Exercise aim:
Write each line out exactly, from the one containing "Giacca motociclista nera" through the final line of the data, and keep pictures out of the copy.

Excerpted records:
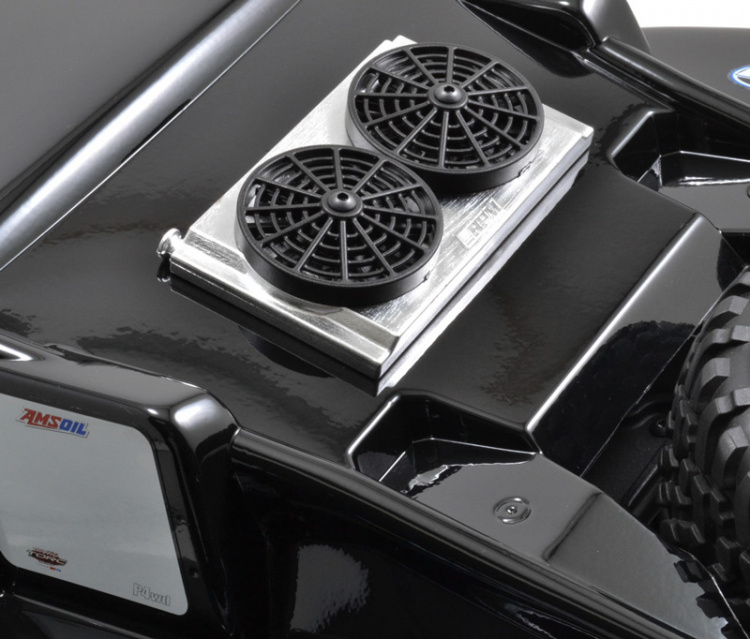 RPM Kylare med Fläktar Attrapp 1/10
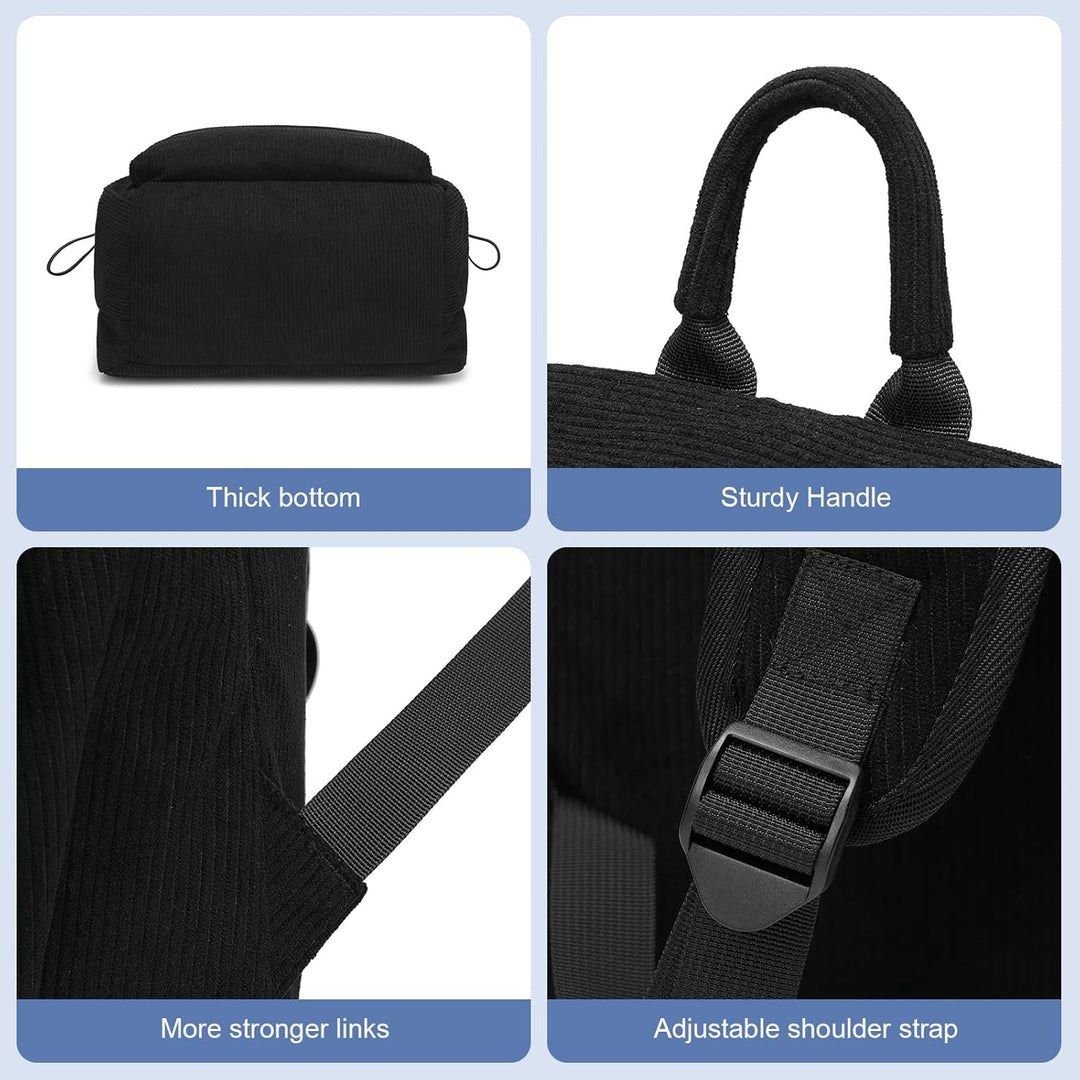 Lightweight Water-Resistant Laptop & Travel Backpack with Organised Compartments | Stornfield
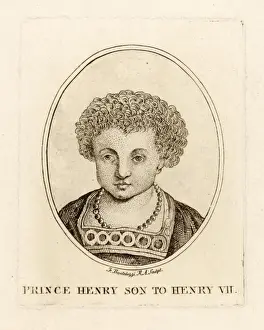1547 Prints: Henry VIII as a Boy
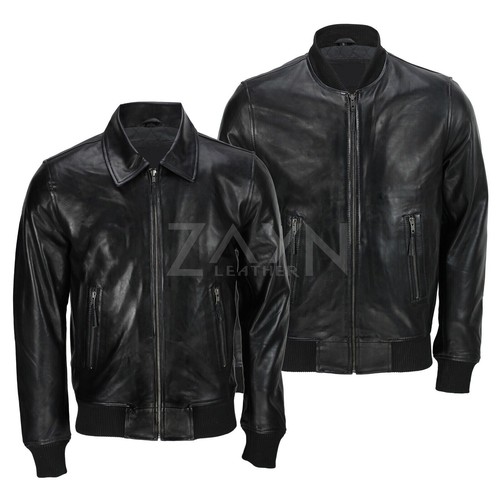 Giacca motociclista nera da - motociclista,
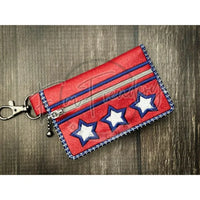 Bi-Fold Zip Wallet - Usa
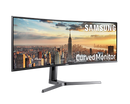 Samsung LC43J890DKUXEN 43 Inch Ultra WQHD Curved USB-C Monitor With Speakers (New)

Answer below:
 Giacca motociclista nera da - motociclista,
 Bi-Fold Zip Wallet - Usa
 Samsung LC43J890DKUXEN 43 Inch Ultra WQHD Curved USB-C Monitor With Speakers (New)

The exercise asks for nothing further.